Your assignment: Repeat exactly the lines of the entries below from the one with "Produktbild: The Hope of Glory" through the one with "Wonders of Christmas", both ends included, and nothing else.

Short web captions:
::::

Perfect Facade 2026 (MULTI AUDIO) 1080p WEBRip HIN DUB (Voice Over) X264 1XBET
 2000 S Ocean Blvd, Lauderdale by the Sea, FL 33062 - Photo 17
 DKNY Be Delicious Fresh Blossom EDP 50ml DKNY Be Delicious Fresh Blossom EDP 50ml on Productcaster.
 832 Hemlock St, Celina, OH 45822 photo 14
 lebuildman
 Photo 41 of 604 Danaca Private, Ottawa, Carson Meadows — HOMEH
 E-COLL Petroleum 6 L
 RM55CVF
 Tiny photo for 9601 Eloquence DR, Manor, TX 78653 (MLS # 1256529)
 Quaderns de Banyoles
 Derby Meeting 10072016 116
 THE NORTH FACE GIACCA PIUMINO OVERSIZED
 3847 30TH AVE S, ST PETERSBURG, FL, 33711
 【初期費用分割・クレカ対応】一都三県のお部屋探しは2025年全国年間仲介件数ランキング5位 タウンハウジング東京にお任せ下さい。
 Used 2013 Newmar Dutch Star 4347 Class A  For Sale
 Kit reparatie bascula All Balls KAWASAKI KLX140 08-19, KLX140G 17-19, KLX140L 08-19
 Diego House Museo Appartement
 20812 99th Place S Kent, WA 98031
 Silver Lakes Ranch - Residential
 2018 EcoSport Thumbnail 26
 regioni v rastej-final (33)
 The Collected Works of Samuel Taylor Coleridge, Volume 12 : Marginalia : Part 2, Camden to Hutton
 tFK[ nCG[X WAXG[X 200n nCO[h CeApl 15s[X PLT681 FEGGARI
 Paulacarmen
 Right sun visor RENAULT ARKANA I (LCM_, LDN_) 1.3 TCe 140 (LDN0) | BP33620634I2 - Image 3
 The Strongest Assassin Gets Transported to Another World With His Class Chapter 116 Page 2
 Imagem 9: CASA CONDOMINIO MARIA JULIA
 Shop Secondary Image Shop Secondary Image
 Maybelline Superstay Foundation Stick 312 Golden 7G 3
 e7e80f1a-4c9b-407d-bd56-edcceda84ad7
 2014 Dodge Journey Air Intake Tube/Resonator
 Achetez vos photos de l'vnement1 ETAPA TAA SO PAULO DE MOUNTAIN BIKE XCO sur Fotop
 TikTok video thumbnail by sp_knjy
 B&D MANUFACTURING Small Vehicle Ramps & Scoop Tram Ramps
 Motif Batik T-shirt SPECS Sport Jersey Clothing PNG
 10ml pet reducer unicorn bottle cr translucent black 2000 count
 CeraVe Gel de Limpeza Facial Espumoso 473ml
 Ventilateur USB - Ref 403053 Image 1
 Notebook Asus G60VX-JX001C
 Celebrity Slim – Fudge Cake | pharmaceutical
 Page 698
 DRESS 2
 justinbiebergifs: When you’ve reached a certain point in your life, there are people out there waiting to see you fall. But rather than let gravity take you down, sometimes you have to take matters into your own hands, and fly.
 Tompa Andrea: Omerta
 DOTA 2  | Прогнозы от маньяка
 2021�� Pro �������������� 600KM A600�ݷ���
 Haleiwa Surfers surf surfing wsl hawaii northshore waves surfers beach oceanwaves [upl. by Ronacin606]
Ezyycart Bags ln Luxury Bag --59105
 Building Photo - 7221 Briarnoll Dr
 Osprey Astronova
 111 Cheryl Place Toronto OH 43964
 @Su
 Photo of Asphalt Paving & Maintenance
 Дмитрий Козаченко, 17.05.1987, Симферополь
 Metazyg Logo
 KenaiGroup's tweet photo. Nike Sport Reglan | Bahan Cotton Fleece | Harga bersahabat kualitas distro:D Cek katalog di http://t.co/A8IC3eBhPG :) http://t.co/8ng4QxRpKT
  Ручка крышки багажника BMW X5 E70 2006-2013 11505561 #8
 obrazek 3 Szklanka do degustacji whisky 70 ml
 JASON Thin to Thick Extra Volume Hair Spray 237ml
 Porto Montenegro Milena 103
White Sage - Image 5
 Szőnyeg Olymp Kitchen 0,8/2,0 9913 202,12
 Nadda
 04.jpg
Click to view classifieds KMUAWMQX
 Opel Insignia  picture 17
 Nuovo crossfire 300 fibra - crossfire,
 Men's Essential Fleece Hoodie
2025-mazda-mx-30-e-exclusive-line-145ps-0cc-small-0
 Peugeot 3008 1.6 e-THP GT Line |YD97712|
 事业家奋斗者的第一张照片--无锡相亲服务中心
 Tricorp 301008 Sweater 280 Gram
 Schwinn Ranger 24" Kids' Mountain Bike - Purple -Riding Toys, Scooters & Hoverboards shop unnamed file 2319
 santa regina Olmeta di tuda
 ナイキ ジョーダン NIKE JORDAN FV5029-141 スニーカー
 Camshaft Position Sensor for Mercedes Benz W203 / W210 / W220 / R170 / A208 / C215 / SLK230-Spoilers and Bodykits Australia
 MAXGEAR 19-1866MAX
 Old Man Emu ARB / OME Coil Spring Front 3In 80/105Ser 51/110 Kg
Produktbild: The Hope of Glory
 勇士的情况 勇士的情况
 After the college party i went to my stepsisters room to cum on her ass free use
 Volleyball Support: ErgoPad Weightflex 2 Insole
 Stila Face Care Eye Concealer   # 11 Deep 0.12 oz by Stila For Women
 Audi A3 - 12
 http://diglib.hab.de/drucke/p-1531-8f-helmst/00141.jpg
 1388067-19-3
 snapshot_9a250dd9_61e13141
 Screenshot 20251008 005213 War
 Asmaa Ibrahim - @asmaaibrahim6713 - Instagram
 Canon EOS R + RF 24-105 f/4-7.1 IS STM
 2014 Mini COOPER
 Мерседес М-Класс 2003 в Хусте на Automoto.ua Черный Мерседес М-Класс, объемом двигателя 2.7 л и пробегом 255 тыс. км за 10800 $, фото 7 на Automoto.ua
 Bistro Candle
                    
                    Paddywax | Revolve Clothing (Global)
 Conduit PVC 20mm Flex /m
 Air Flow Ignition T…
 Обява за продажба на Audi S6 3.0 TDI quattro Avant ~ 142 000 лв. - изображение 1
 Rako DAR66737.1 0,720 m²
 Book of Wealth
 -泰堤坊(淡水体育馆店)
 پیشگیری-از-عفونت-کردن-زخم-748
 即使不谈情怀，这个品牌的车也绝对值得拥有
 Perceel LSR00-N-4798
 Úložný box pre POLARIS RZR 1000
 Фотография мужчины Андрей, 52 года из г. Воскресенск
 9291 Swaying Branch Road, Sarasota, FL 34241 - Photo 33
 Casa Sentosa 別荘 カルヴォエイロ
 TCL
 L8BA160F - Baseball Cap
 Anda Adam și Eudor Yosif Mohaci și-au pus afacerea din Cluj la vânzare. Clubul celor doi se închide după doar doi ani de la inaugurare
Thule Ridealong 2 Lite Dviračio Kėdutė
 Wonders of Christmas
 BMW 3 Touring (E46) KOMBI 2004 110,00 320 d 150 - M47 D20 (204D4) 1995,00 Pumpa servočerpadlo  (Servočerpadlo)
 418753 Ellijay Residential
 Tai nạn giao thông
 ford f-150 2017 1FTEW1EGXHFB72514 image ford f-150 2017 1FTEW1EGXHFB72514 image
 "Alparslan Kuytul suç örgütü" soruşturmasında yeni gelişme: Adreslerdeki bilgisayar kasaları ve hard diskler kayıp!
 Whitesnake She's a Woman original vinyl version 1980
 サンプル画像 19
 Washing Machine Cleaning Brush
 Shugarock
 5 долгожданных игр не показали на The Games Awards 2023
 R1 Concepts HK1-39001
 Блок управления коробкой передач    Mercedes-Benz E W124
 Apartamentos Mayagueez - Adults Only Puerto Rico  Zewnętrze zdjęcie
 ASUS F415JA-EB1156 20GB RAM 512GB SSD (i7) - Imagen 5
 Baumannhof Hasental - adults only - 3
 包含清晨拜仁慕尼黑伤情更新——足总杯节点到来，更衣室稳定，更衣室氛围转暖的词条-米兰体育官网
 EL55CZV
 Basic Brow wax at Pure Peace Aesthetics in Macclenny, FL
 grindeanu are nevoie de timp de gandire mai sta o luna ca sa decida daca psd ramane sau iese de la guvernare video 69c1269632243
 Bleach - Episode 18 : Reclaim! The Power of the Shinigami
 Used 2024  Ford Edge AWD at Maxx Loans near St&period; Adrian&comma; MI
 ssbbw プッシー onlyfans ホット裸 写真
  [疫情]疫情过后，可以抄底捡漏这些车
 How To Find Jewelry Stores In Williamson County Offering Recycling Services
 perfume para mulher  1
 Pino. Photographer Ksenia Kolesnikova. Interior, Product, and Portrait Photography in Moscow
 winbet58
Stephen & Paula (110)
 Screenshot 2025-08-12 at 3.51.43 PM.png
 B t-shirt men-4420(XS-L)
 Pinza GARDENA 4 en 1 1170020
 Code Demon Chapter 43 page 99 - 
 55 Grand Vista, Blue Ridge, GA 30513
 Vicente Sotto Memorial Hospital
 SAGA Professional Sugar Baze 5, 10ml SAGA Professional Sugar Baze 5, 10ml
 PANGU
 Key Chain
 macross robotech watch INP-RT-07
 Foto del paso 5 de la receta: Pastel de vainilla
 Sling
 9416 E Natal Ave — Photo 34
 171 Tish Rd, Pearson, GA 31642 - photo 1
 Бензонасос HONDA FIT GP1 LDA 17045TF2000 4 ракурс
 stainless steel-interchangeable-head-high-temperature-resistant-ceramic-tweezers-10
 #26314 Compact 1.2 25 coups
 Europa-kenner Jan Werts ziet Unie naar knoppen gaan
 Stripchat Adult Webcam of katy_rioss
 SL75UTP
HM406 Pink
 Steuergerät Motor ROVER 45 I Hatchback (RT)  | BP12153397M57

::::

Exercise answer:
Produktbild: The Hope of Glory
 勇士的情况 勇士的情况
 After the college party i went to my stepsisters room to cum on her ass free use
 Volleyball Support: ErgoPad Weightflex 2 Insole
 Stila Face Care Eye Concealer   # 11 Deep 0.12 oz by Stila For Women
 Audi A3 - 12
 http://diglib.hab.de/drucke/p-1531-8f-helmst/00141.jpg
 1388067-19-3
 snapshot_9a250dd9_61e13141
 Screenshot 20251008 005213 War
 Asmaa Ibrahim - @asmaaibrahim6713 - Instagram
 Canon EOS R + RF 24-105 f/4-7.1 IS STM
 2014 Mini COOPER
 Мерседес М-Класс 2003 в Хусте на Automoto.ua Черный Мерседес М-Класс, объемом двигателя 2.7 л и пробегом 255 тыс. км за 10800 $, фото 7 на Automoto.ua
 Bistro Candle
                    
                    Paddywax | Revolve Clothing (Global)
 Conduit PVC 20mm Flex /m
 Air Flow Ignition T…
 Обява за продажба на Audi S6 3.0 TDI quattro Avant ~ 142 000 лв. - изображение 1
 Rako DAR66737.1 0,720 m²
 Book of Wealth
 -泰堤坊(淡水体育馆店)
 پیشگیری-از-عفونت-کردن-زخم-748
 即使不谈情怀，这个品牌的车也绝对值得拥有
 Perceel LSR00-N-4798
 Úložný box pre POLARIS RZR 1000
 Фотография мужчины Андрей, 52 года из г. Воскресенск
 9291 Swaying Branch Road, Sarasota, FL 34241 - Photo 33
 Casa Sentosa 別荘 カルヴォエイロ
 TCL
 L8BA160F - Baseball Cap
 Anda Adam și Eudor Yosif Mohaci și-au pus afacerea din Cluj la vânzare. Clubul celor doi se închide după doar doi ani de la inaugurare
Thule Ridealong 2 Lite Dviračio Kėdutė
 Wonders of Christmas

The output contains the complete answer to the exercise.